Speaker : I say order ! I can’t see anything funny…
Jugnauth : Le Premier ministre a déclaré par rapport à la Hedging Saga qu’une enquête est en cours. Cette affaire remonte à juillet 2008. Puis-je savoir sous quelle autorité se déroule cette enquête ?
Ramgoolam : J’avais demandé à Roshi Bhadain d’effectuer cette enquête. L’ICAC poursuit le travail.
Bhagwan : Dans le rapport du Forensic Auditor, le nom d’Ah Fat est mentionné. Ce même Ah Fat est le Special Adviser du Premier ministre…
Bérenger : …également le trésorier du Parti travailliste…
Ramgoolam : L’enquête est en cours…
Jhugroo : Le Premier ministre peut-il confirmer que le Premier ministre adjoint a participé à des délibérations d’une réunion…
Speaker : Je suis navré. Je ne veux pas permettre des questions au Premier ministre pour dévoiler les secrets du conseil des ministres…
Bérenger : Mo ti kwar akoz li (Rashid Beebeejaun) ine dimande pardon…
Jugnauth : L’honorable n’a fait que mentionner le mot réunion.

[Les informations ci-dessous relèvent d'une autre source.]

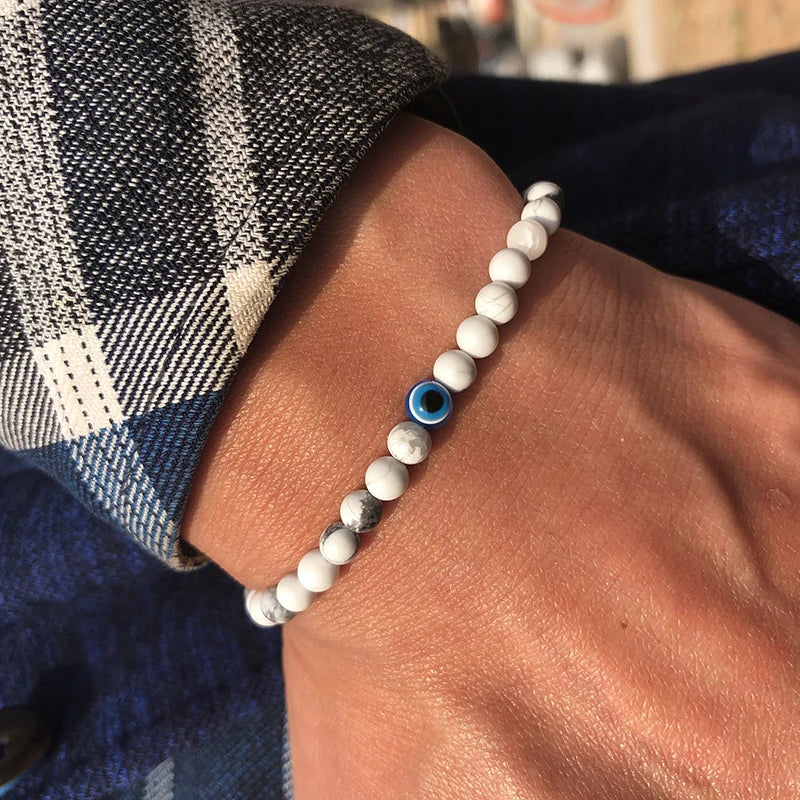 Minimalist Evil Eye Bracelet for Men and Women - Smarsty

Il n’a pas dit quelle réunion ou encore mentionné le conseil des ministres.
L’honorable Jhugroo est autorisé à aller de l’avant avec sa question. Mais le Premier ministre répondra qu’il est dans l’impossibilité d’apporter des éléments de réponse car la question est trop vague.
Les interpellations des députés Joe Lesjongard sur les interdictions des ingénieurs du CEB et de Maya Hanoomanjee sur la responsabilité du représentant du ministère de l’Agro-Industrie sur le Board de Rose-Belle ne devaient pas apporter de réponses détaillées.

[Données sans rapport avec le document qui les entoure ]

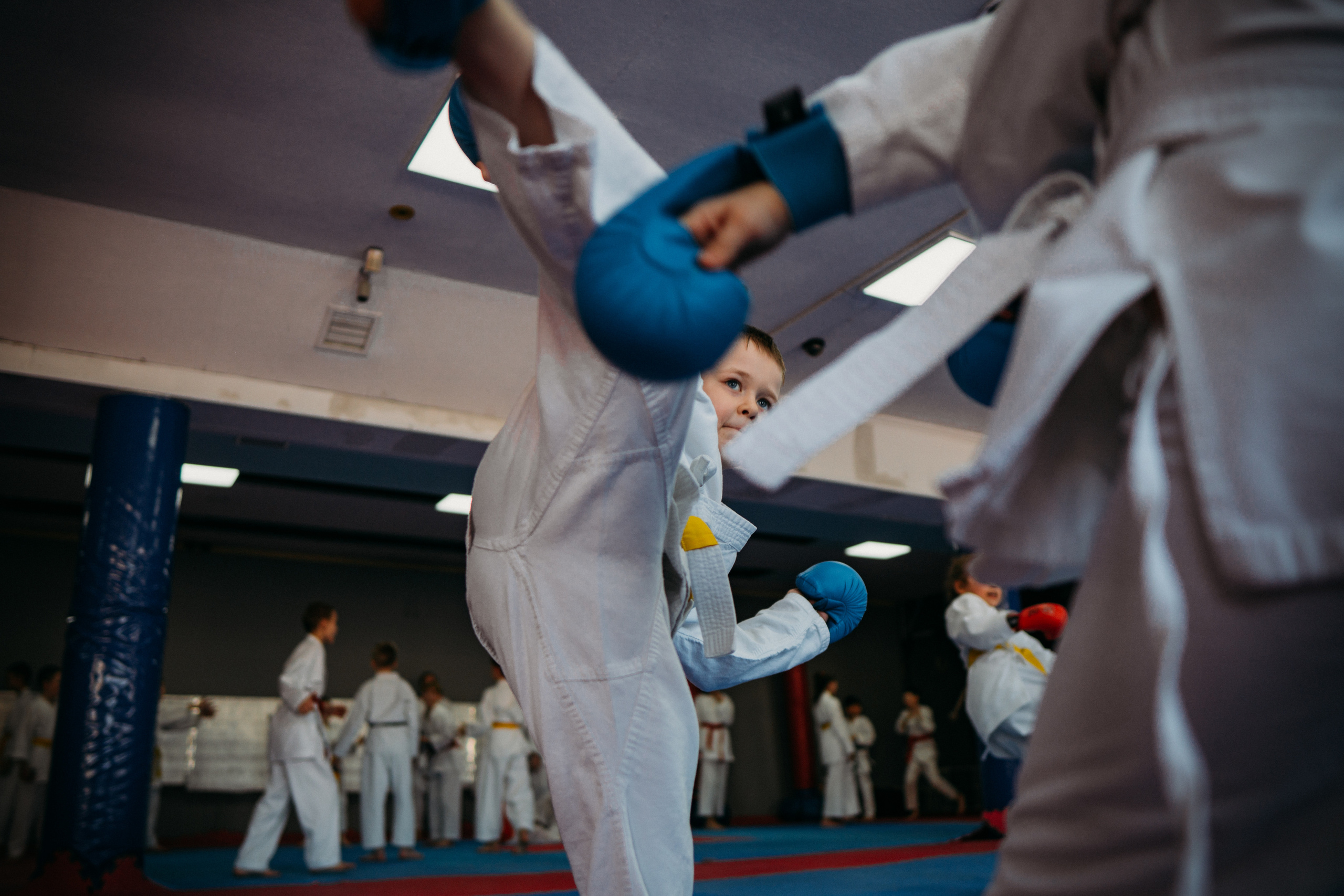 Тренировка каратистов. Семейный домашний фотограф в Барнауле Мария Лобастова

De son côté, Pravind Jugnauth est revenu à la charge sur la publication des Cabinet Proceedings sur l’affaire MedPoint en soulignant que le Premier ministre détient les pouvoirs sous la Constitution pour ordonner au secrétaire au Cabinet de rendre publics les documents réclamés. Le Speaker devait tout simplement répondre que toute cette affaire est Sub Judice et qu’il faudra attendre la décision de la Cour.
Bhagwan : Le Premier ministre peut-il révéler quand il nommera le remplaçant d’un des membres de l’ICAC décédé ?

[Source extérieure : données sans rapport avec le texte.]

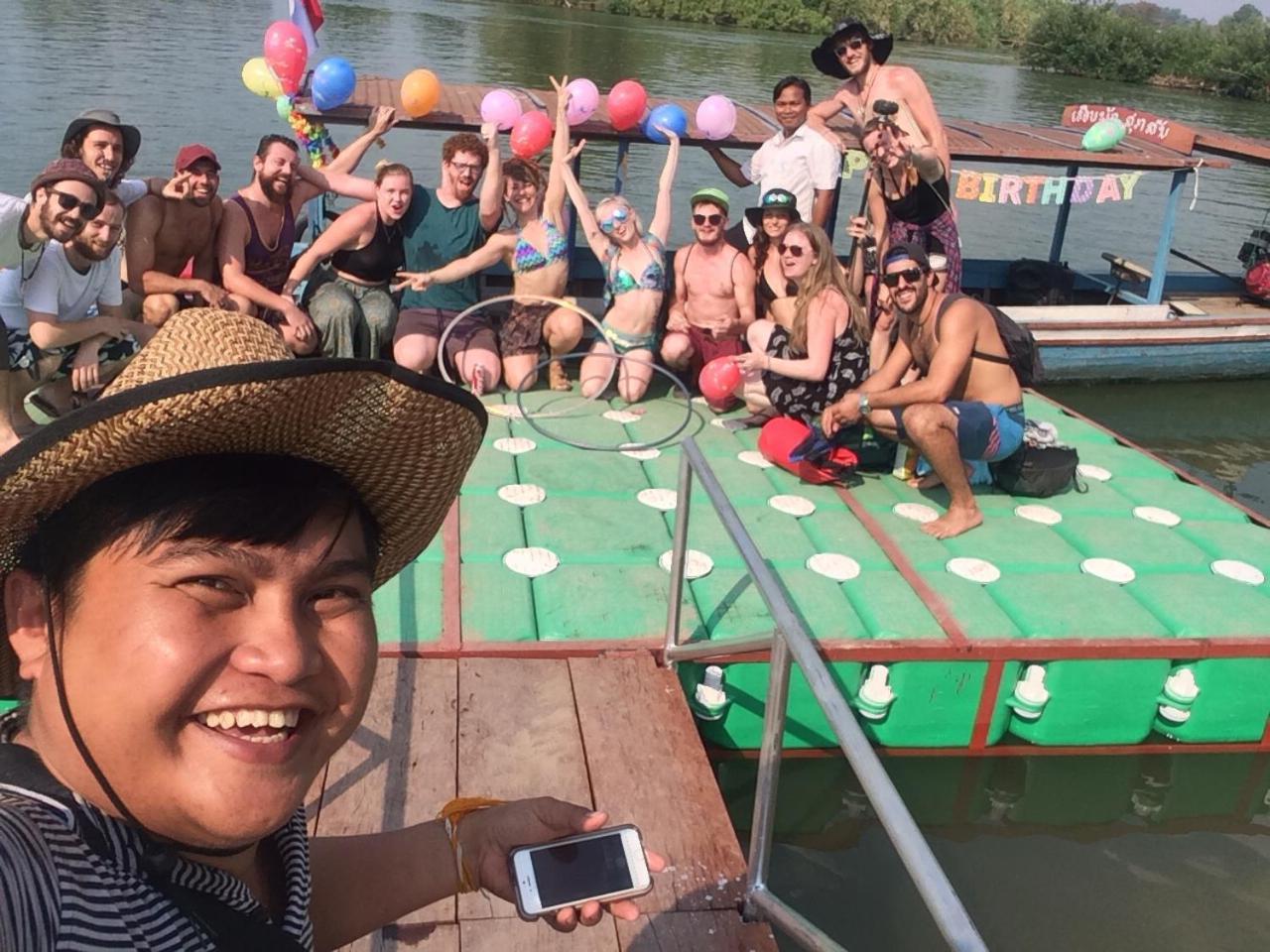 Riverside Bungalow Hotel Don Det Ngoại thất bức ảnh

Speaker : This has nothing to do with the PNQ.
Bérenger : Ma PNQ a traité des 10 plus gros scandales de l’heure. Si je devais énumérer tous les scandales, ma PNQ serait sur trois pages. Le Premier ministre peut-il donner la garantie que ces cas font l’objet d’enquête et que si tel n’est pas le cas actuellement, ils le seront ?
Ramgoolam : De ce que j’ai pu comprendre, toutes ces affaires font l’objet d’enquêtes. Il y a encore d’autres High Profile Cases…
La fin de la PNQ est ponctuée par des applaudissements des bancs de la nouvelle opposition, avec des « fizette » venant des rangs du gouvernement.